Cultura e Spettacoli

NARRATORI ITALIANI EMANUELE TREVI Freschi e dolci ricordi in un torrido agosto

Anche a Roma l’estate del 2003 fu asfissiante. «Il peggior clima dal 1765», ricorda nel suo libro Emanuele Trevi citando Il Messaggero. Le avvisaglie di quanto sarebbe accaduto si ebbero già durante il mese di maggio, ma fu in luglio e agosto che si raggiunse l’apice dell’intollerabilità.
Eppure, a volte, proprio il caldo di certi luoghi regala stati di frenetica, innaturale, inebriante produttività: fu in una Roma senza un filo d’aria che Roberto Longhi, nel 1914, scrisse in poche settimane la memorabile Breve ma veridica storia della pittura italiana. In altri casi, invece, la calura induce in noi un effetto strano, dilatante: accade come se lo spazio si allargasse a dismisura fino a diventare un’unica, totalizzante dimensione che invade il tempo, lo manda sullo sfondo, lo annichilisce. In quei momenti, il corpo vive in una sorta di presente assoluto, attraversato da intontimenti, nausee, torpori, cattivi funzionamenti della memoria.
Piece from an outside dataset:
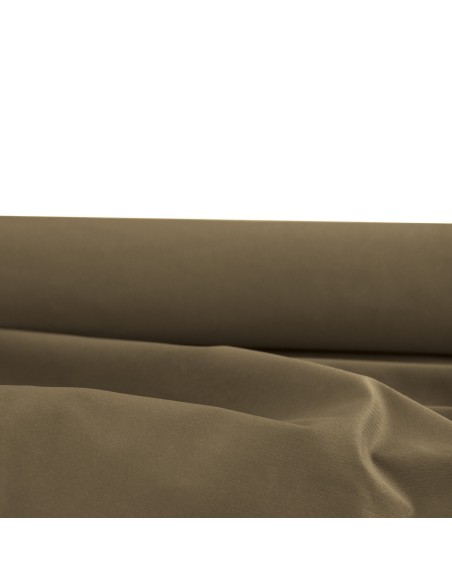 KRIS | Tessuto Impermeabile | Colore Tortora | Lunghezza Personalizzabile | Altezza 140 cm | Ecopelle Waterproof da Esterno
E sono le rare zone dove l’afa si interrompe a spezzare questa onniavvolgente spazialità, consentendo al tempo di riemergere, inatteso e improvviso.
E dunque chi, nell’estate del 2003, si difendeva raggiungendo salvifici luoghi umbratili (chiese, o i sotterranei urbani da cui Roma è attraversata), immediatamente avvertiva come lì il passato individuale e collettivo iniziava, davvero, a riaffiorare. Così, un diario attendibile di quell’estate (tale è Senza verso. Un’estate a Roma, di Trevi - Laterza, pagg. 122, euro 9) avrà come filo conduttore non tanto le stordenti passeggiate, i brevi percorsi a piedi bensì quei lievissimi, impercettibili transiti da una dimensione spaziale onnicomprensiva, da una luce accecante verso zone d’ombra ricche di tracce, segnali, ricordi intermittenti che rinviano a altri ricordi acquistando stabilità, consistenza. Fino a diventare memoria piena, vissuti da riannodare, riassociare.
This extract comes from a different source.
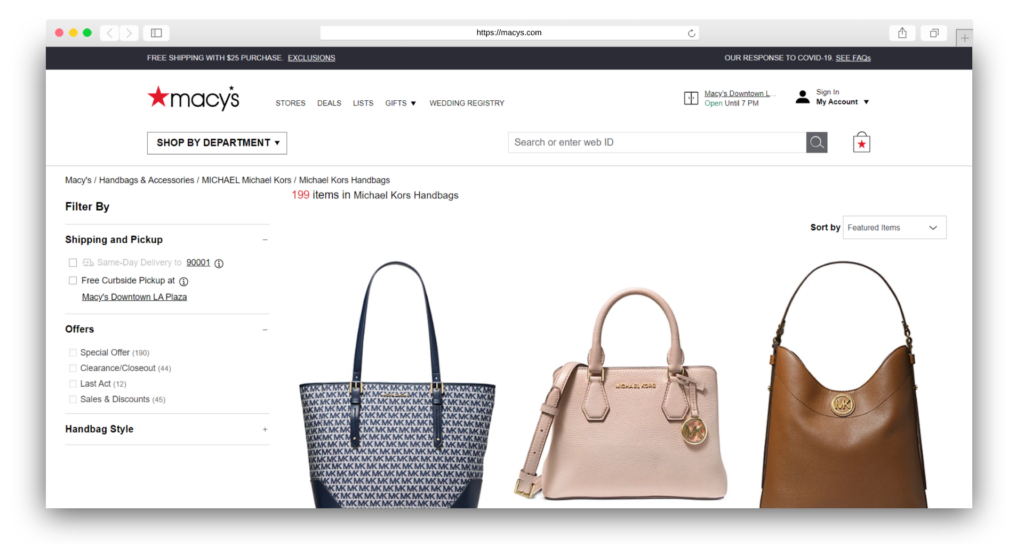 jern Nyttig detaljer Shop Michael Kors Handbags From The USA – Here Is Why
Ma, sebbene involontaria, ogni memoria è selettiva. E dunque, nel ripercorrere da flaneur del tempo l’irripetibile estate del 2003, Trevi affida alle stesse divagazioni della mente il compito di sfrondare il caduco per concentrarsi su ciò che ha valore. Forse, tra tutto quanto si ricorda, sono i morti a possedere uno statuto privilegiato: affiorano nella mente, tornano, non svaniscono. Così avviene per la figura di Pietro Tripodo, poeta purissimo, raffinato traduttore di George (e ancora troppo poco conosciuto dal grande pubblico). La sua immagine, via via che le pagine di Trevi scorrono, emerge e viene gradualmente acquisendo un ruolo centrale. Quasi che la memoria, anche la più esposta a climi e ambienti, rispondesse sempre e comunque a un principio di pietas che la trascende e la porta a essere, da luogo in cui antiche sensazioni si rimettono insieme, custodia di quanto non dovrà disperdersi.
Per questo Senza verso è il diario d’una stagione ma, ancora di più, è la narrazione d’un lutto, di una assenza. Sembra, allora, che Trevi abbia ripreso quel sottilissimo legame associativo che, a volte, riconnette le nostre estati con il ricordo di chi non c’è più, un topos della memoria il cui esito letterario più alto è stato, forse, quella grande poesia di Vittorio Sereni intitolata Verano e Solstizio («L’estate di Roma ci stava davanti/ con la più svaporante/ la sua più mortale calcinazione»...). Dove Roma, e la sua calura e i suoi morti diventano, per un attimo, le parti d’uno straordinario gioco di rimandi che li ricongiunge.

Gioco che Trevi, nel suo libro, sembra incaricarsi di riavviare, decenni dopo.